If you’re just here to grab some code or use the bookmarklet, these links should help:

Had a crisis of impostor syndrome, wanted to bang out a quick project to see if I actually enjoy programming in my free time. Sat at my desk for a while, clicking through my google keep notes tagged with “app-ideas,” lots of stuff about playing with random free data sources I’ve found over the years, or APIs, that sort of thing. Didn’t really have the energy to be playing like that, but then remembered that I’d been meaning to find a way to get my kindle highlights in, like, JSON or something, to play with.

For a little bit I was using the readwise service for playing around with highlights, thought about making an ANKI flow or something. But, that costs money, and I’m cutting all expenses in prep for our move to Taiwan.

Ok, so, that shouldn’t be hard, just gotta find out some programmatic way to grab them.

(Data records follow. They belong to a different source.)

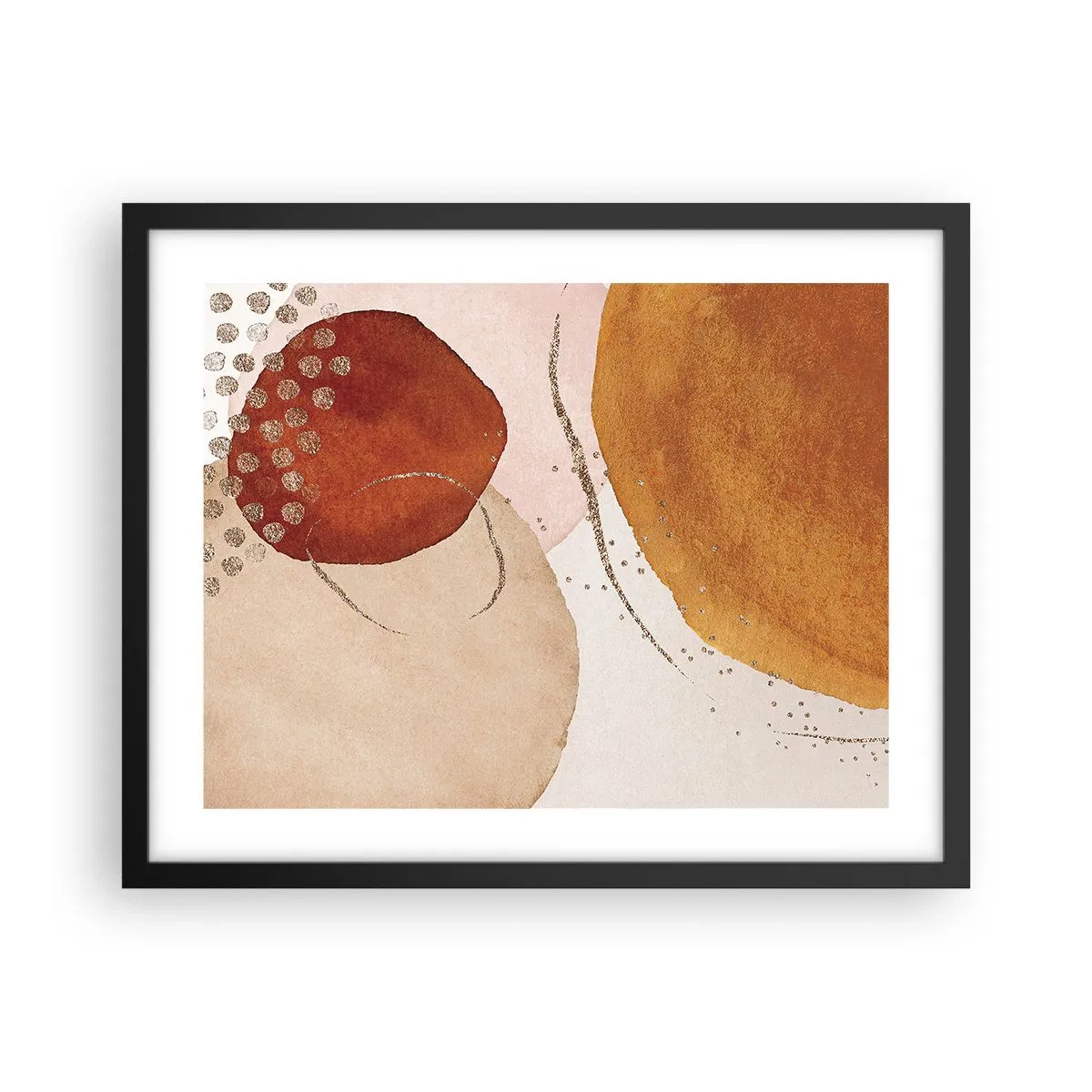 Affisch i svart ram - Rundhet och rörelse - 50x40 cm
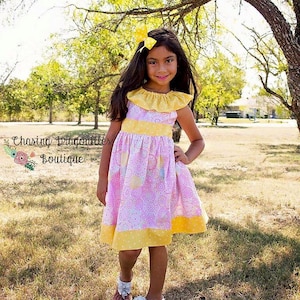 Adelaide&#39;s Girls Ruffle Neck Top, Dress & Maxi Dress PDF Pattern - Sizes 6/12m to 8 girls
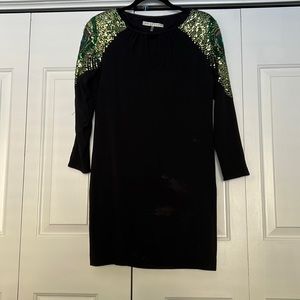 Trina Turk Black Sequined Shoulder Belted Dress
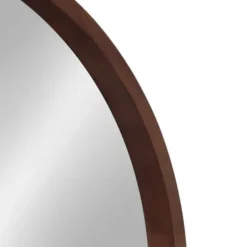 Decorative Mirrors-Kirkland's Home Round Walnut Wood Hutton Mirror Brown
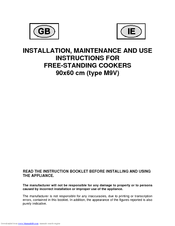 Bertazzoni FREE-STANDING COOKERS 90x60 type M9V Installation, Maintenance And Use  Instructions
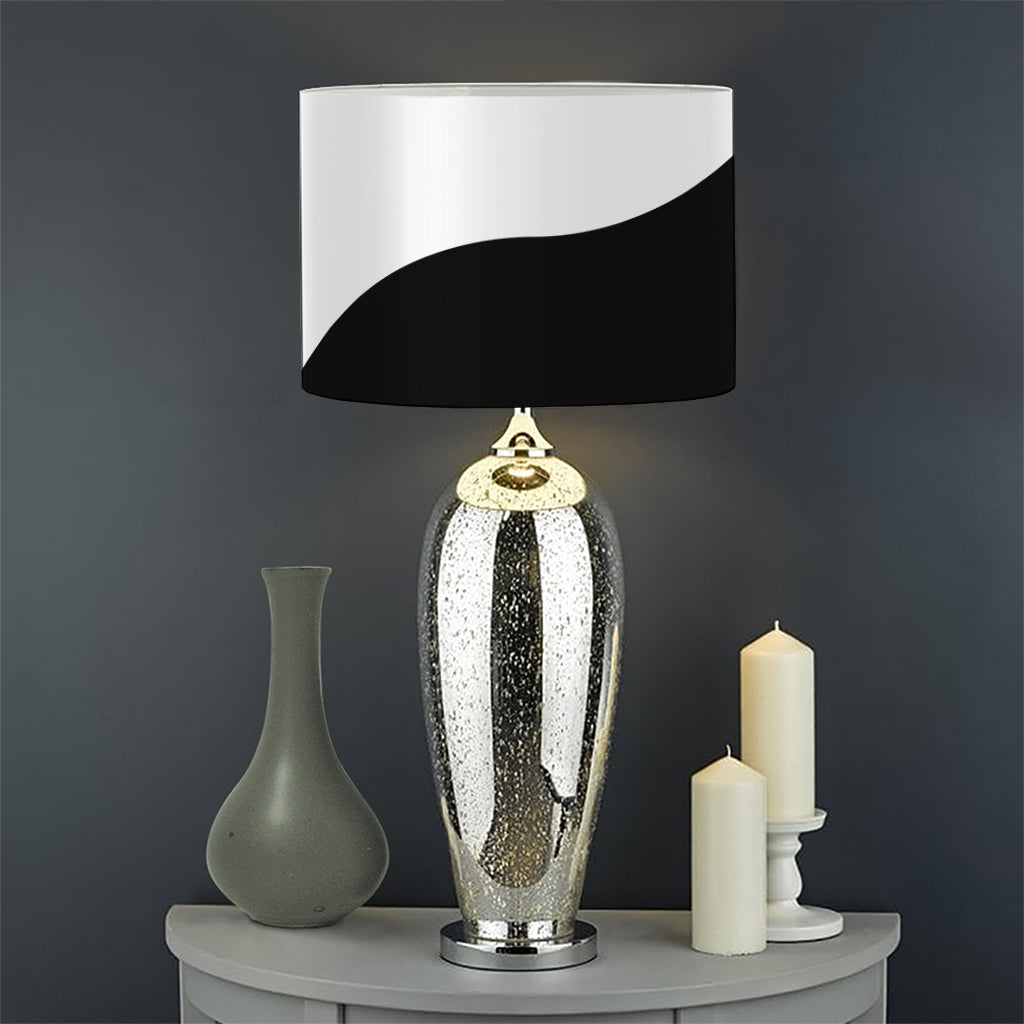 Black And White Yin Yang Symbol Print Drum Lamp Shade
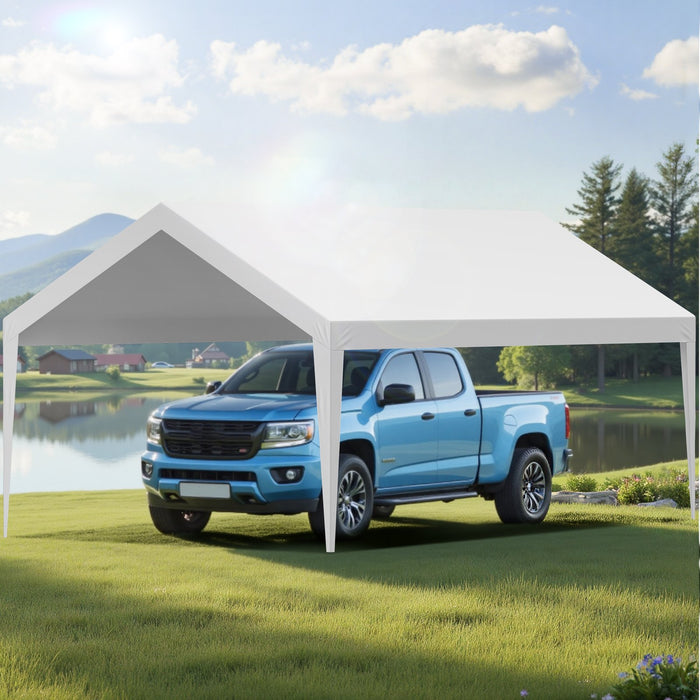 VEVOR Carport Replacement Canopy, 6 x 3.6 m Potable Garage Tent Top Tarp, UV-Resistant & Waterproof Car Shelter Tarp, Heavy Duty Car Port Cover with Ball Buggees, White, Frame Not Included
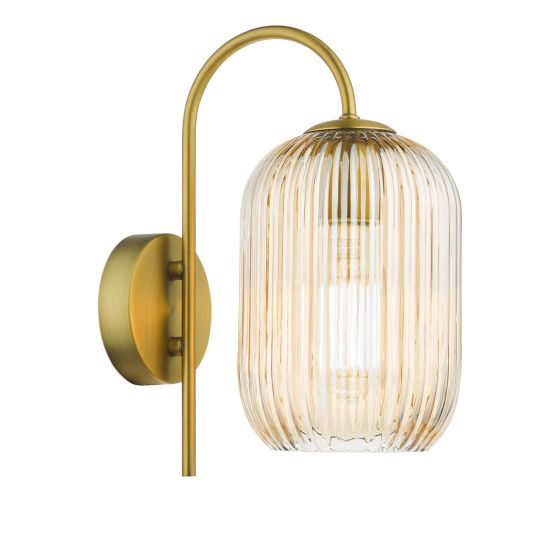 Där Lighting Idra Wall Light Aged Bronze And Champagne Ribbed Glass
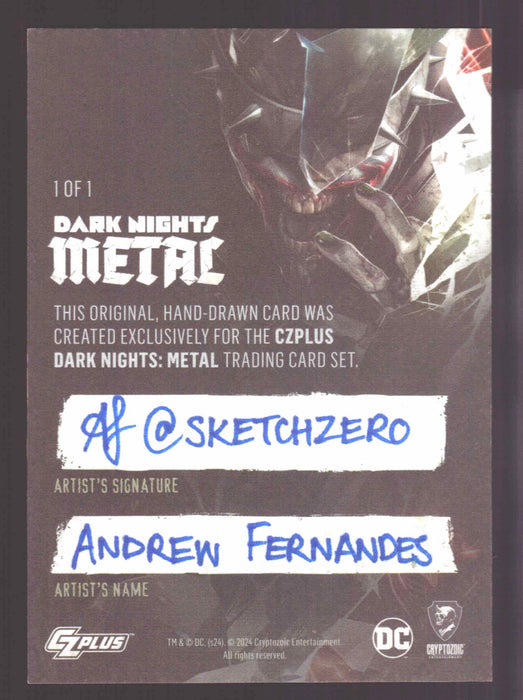 2024 CZX Dark Nights Metal Artist Sketch Trading Card Andrew Fernandes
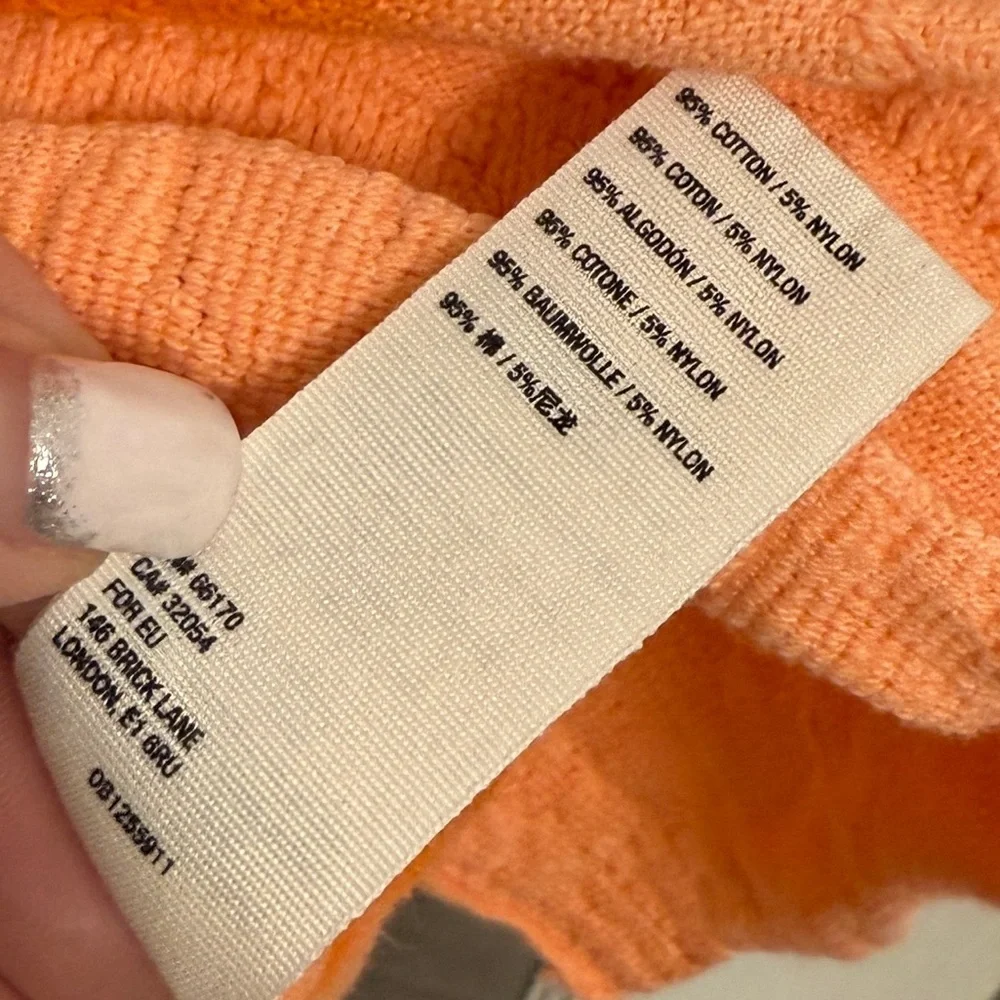 FREE PEOPLE Women’s Tie Dye Orange Sunrise Polo Henley Pullover Sweater Size M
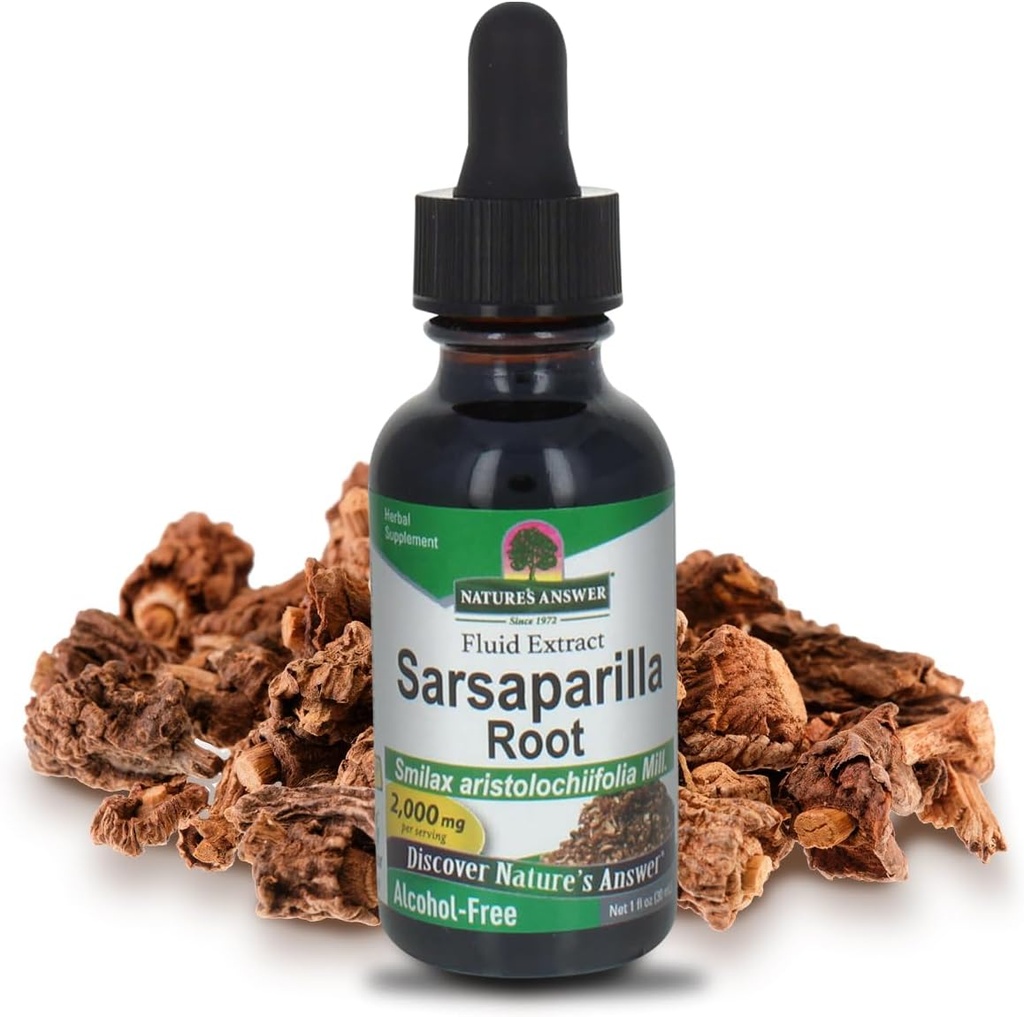 Nature's Answer Alcohol-Free Sarsaparilla Root Liquid , 1-Fluid Ounce | Natural Cleanser & Detoxifier
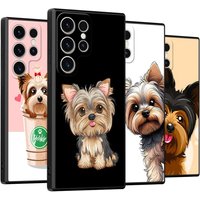 Yorkshire Terrier Dog Black Soft Phone Cover Case for Samsung Galaxy S20 S21 FE S23 Ultra S25 Edge S24 Plus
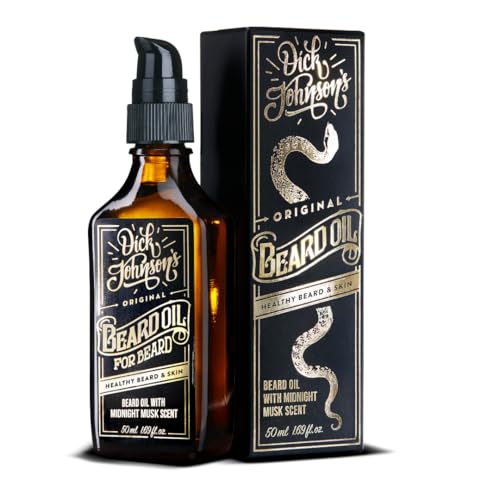 Dick Johnson Bartöl Midnight Musk Duft 50 ml – Bart Öl mit Arganöl, Jojobaöl und Mandelöl – Bartpflege für Männer zur täglichen Anwendung & Bartwachstum – Geschenk für Männer – Made in Finnland von Dick Johnson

So first, what official ways am I allowed to grab them? I could only find one: https://read.amazon.com/kp/notebook . But, that site doesn’t really work in firefox. Also, it appears to have been built by readwise, and sometimes redirects to readwise’s site. I’m really curious what the relationship is there between readwise and Amazon. For example, read.amazon.com is just the kindle web reader.

Anyway, first thought, I’m trying to get some python apps on my github, maybe I can do some wild ass python app that authenticates and then navigates the webapp? Tossed that idea out pretty quickly, the Amazon site has some gnarly javascript I’d have to sort out, no thanks. So second choice is simply a bookmarklet. I’d never made one but I heard they were easy. I looked up just enough to know that basically, if my code worked in the inspection tools console, it’ll work in a bookmarklet, so cracked on with that framework.

I wondered if there were XHR requests I could inspect, so first I popped open the network panel of the inspector tool and clicked on some books to see what came back. Looks like it’s a server-side rendered app, as what comes back from requests is just HTML webpages.

From there I was basically just clicking around in the inspector tool throughout the DOM, finding the best way to select certain nodes and extract text from them.

First I figured out how to grab what I need from a given page, namely the book title, author, location where the note was found in the book, and the highlight text itself. All of that exists in a list of elements that each helpfully (but also terribly) have the id #highlight.

function scrapePage(virtualDocument) {
  // virtualDocument is used instead of document
  // for reasons that'll be clear later
  virtualDocument.querySelectorAll('#highlight').forEach((el) => {
    const metadata = el.closest('.a-spacing-base')
      .querySelector('#annotationNoteHeader')
      .innerText;

    const highlightText = el.innerText;

    const title = virtualDocument
      .querySelector('h3.kp-notebook-metadata')
      .textContent;

    const author = virtualDocument
      .querySelector('p.kp-notebook-metadata.a-spacing-none')
      .textContent;

    highlights.push({ metadata, highlightText, title, author });
  });
};

Now, I needed to figure out how to get each of the pages available. So, with the network inspector open, I clicked some of the books on the left-side navigation. Luckily, those links trigger navigations to read.amazon.com/kp/notebook/{{ASIN}}, with ASIN being, I dunno, some kind of unique book identifier? Point is, a very straightforward API, even though it’s returning full HTML pages.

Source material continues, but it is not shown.